Table 2 shows that all four categories of bands achieved a better performance, and the training time increased with the increase in bands. The first and the fourth categories had a greater classification accuracy, but the overall accuracy difference was insignificant. Regarding time costs and the redundancy of the band information, the first category should be selected as the input band for the subsequent model. Under the same training conditions, the PCA dimensionality reduction method was used to select the first 11 principal components (the cumulative contribution rate of principal components was 99.10%) and the full-waveband image for training, respectively, and then they were compared with the results of the first category of runs, which showed that the results of the first category of runs had the best performance. In addition, an overall analysis of the results in
Table 2 shows that the model using the full-band image operation had the longest training time and the lowest accuracy, and the model performance was poor, which also verifies the necessity of band selection for hyperspectral images. Therefore, 126–136 bands were selected as the model input bands.
4.2. Parameter Optimization
4.2.1. Window Size Selection
The larger the window size, the more information contained in the image texture, but there is also a greater information redundancy. To investigate the optimal window size for this model, five window sizes (5, 7, 9, 11, and 13) were used in the experiment. The results are presented in
Figure 11.
Figure 11 showed that, as the window size increased from left to right, both the model’s OA and training time values showed an increasing trend, but with different growth rates. However, when the window size was 11, the growth in both values was the smallest. The OA value was higher at 99.143% and the training time was 428 s. Therefore, for practicality, a window size of 11 was selected as the model input.
4.2.2. Learning Rate Selection
The learning rate is an essential factor that affects the speed of model construction. If it is set too large, the loss can explode; if it is set too small, it can lead to a slow loss reduction.
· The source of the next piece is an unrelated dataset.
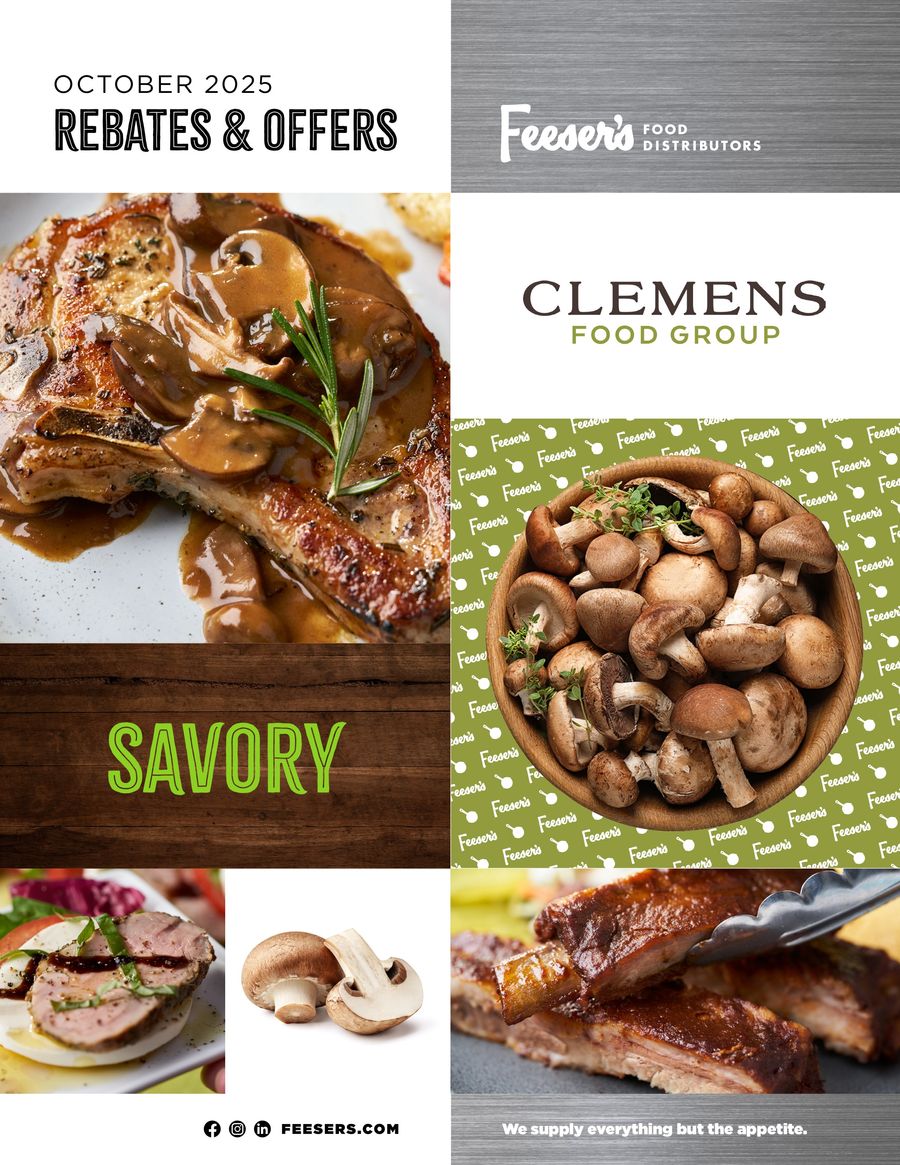 October 2025 Rebates & Offers by... - Flipsnack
Three sets of learning rates (0.01, 0.001, and 0.0001) were used to decrease the gradient and determine the most appropriate learning rate. To prevent the learning rate from decreasing too rapidly along the gradient, an additional group of learning rates (0.0004) was set for the control test. The experimental results are presented in
Figure 12.
Figure 12 shows that the model training time generally tended to increase and then decrease, and the overall classification accuracy reached its maximum when the learning rate was set to 0.001. Therefore, the learning rate for the model input was set as 0.001.
4.2.3. Batch Size Optimization
The batch size setting significantly affects the optimization of the constructed model and the memory usage of the computer. If the batch size is set too small, the gradient will be unstable, and it will be challenging for the model to converge. If the batch size is set too large, the speed of processing the same data will be accelerated, but the epoch required to achieve the same accuracy will also increase, and the model will quickly fall into a local optimum. Four different batch sizes (32, 64, 128, and 256) were compared, and the classification results are shown in
Figure 13.
Figure 13 shows that, as the batch size increased, the overall classification accuracy and training time of the model gradually decreased. When the batch sizes were 32 and 64, respectively, the overall classification accuracy of the model performed well. Compared to the former, the overall classification accuracy decreased by 0.065% when the batch size was 64, but the training efficiency of the model increased by nearly 51.2%, which is in line with the demand from a practical point of view. Therefore, the batch size of the model input was selected to be 64.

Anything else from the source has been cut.